> **GIVEN DATA**
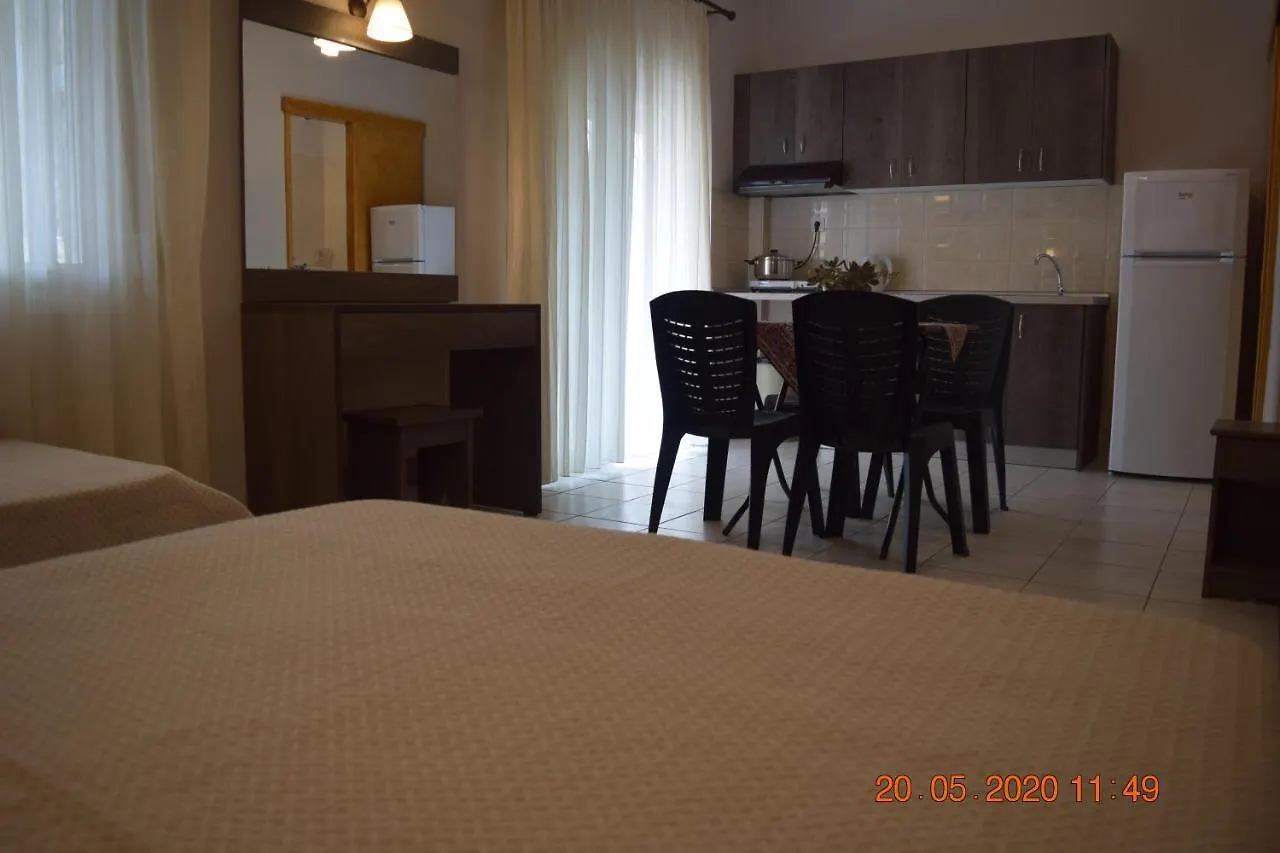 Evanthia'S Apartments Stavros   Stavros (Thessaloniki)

* * *

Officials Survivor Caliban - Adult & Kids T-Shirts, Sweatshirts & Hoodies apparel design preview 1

---

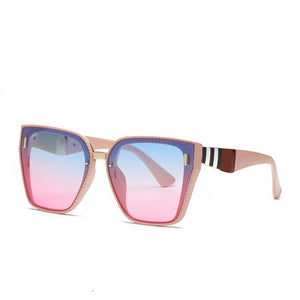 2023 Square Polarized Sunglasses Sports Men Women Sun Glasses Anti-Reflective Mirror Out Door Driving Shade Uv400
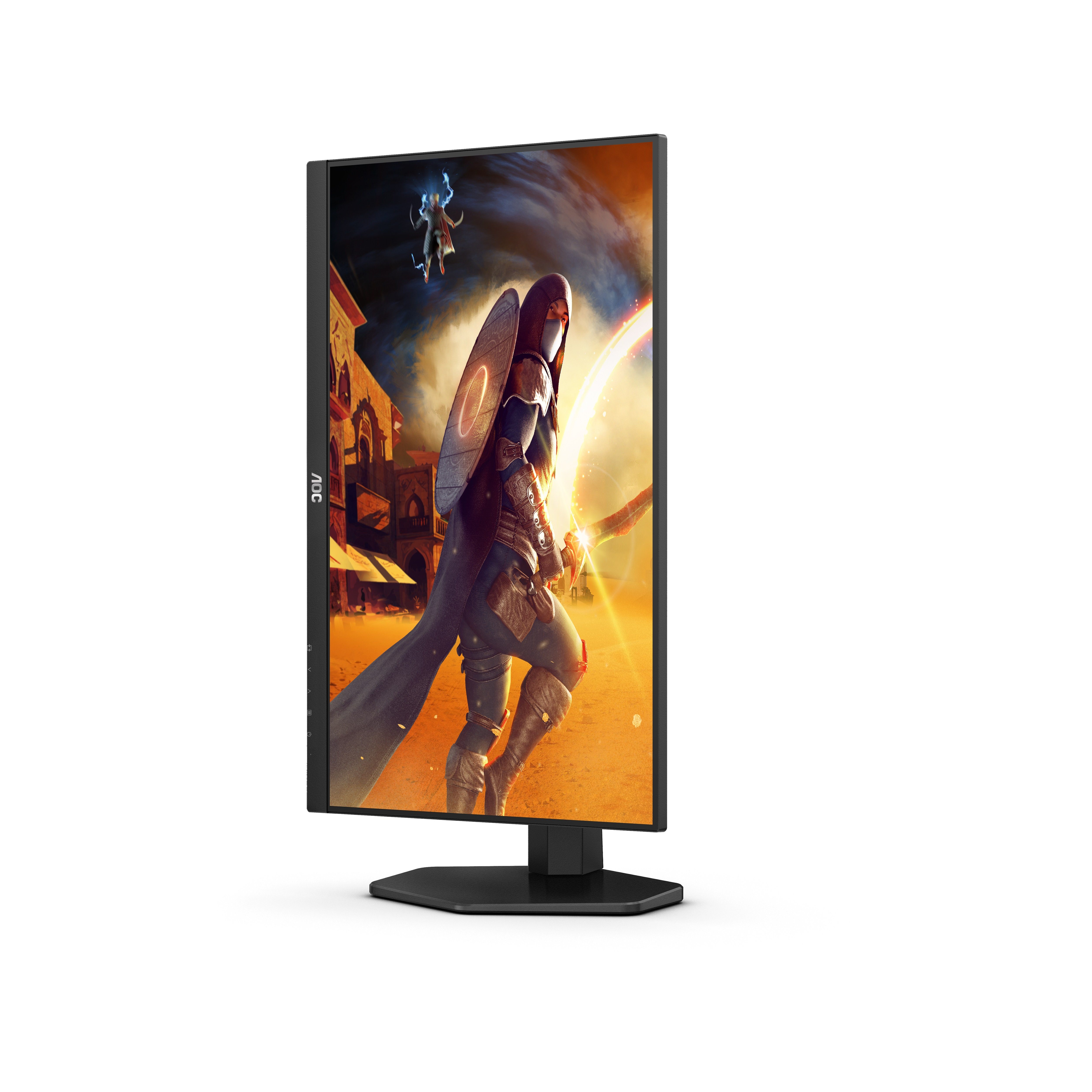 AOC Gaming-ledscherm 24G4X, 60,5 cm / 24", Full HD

> **PROBLEM DESCRIPTION**
Copy out the listing above from the line containing "2023 Square Polarized" to the line containing "AOC Gaming-ledscherm 24G4X, 60,5", both included, exactly as written and minus the images.

> **ANSWER TO THIS TASK**
 2023 Square Polarized Sunglasses Sports Men Women Sun Glasses Anti-Reflective Mirror Out Door Driving Shade Uv400
 AOC Gaming-ledscherm 24G4X, 60,5 cm / 24", Full HD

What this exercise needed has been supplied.